# For Loops

Introduction

Within coding and programming for `R`, `For Loops` (or hereafter referred to as `Loops`) allows the repeated execution of specificed commands. This is useful if you are handling a large amount of data and wish to execute the same function, adaptation or change across all/some of your data, without having to code the process line by line, which can save you significant amounts of time in the long run!

Due to the noted complexity of `Loops`, it was believed producing this additional tab & tutorial, would aid your learning beyond the lectures and practicals in handling, using and engaging positively with `Loops`. For more information on `Loops` please see: Chapter 6 in A Beginner’s Guide to R, this Springer Textbook is a free downloadable resource which covers a huge variety of foundation topics and will be providing the foundation for this tutorial.

Conceptual Example

Lets start with a basic conceptual example (from R Bloggers), say for example you would like to print the phrase “The Year is 20XX” with XX being replaced by the years between 2010 and 2020. This could easily be achieved through writing ten individuals lines of code:

``print(paste("The year is", 2010))``
``##  "The year is 2010"``
``print(paste("The year is", 2011))``
``##  "The year is 2011"``
``print(paste("The year is", 2012))``
``##  "The year is 2012"``
``print(paste("The year is", 2013))``
``##  "The year is 2013"``
``print(paste("The year is", 2014))``
``##  "The year is 2014"``
``print(paste("The year is", 2015))``
``##  "The year is 2015"``
``print(paste("The year is", 2016))``
``##  "The year is 2016"``
``print(paste("The year is", 2017))``
``##  "The year is 2017"``
``print(paste("The year is", 2018))``
``##  "The year is 2018"``
``print(paste("The year is", 2019))``
``##  "The year is 2019"``
``print(paste("The year is", 2020))``
``##  "The year is 2020"``

Or could be written using the `for()` function, repeatedly executing the same command again and again.
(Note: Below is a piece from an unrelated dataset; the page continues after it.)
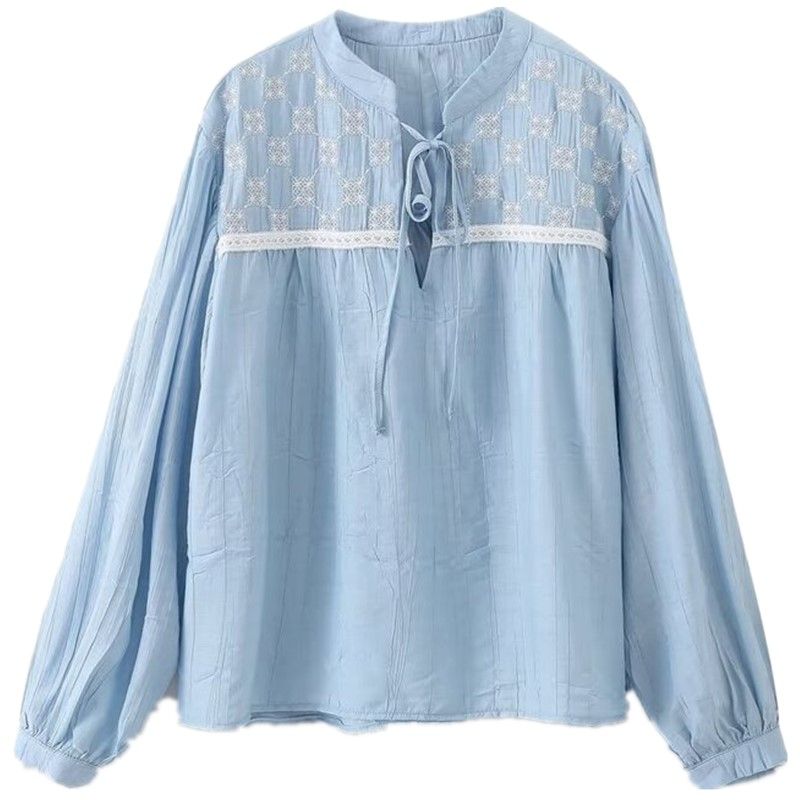 

Western Style 2024 Spring and Summer New Women clothes Slimming Versatile Embroidered round Neck Long sleeve Shirts 2298072 403 Blue L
``````for (year in 2010:2020){
print(paste("The year is", year))
}``````
``````##  "The year is 2010"
##  "The year is 2011"
##  "The year is 2012"
##  "The year is 2013"
##  "The year is 2014"
##  "The year is 2015"
##  "The year is 2016"
##  "The year is 2017"
##  "The year is 2018"
##  "The year is 2019"
##  "The year is 2020"``````

This basic conceptual example, is able to demonstrate to us, that the `for()` function is comprised clearly of two sections.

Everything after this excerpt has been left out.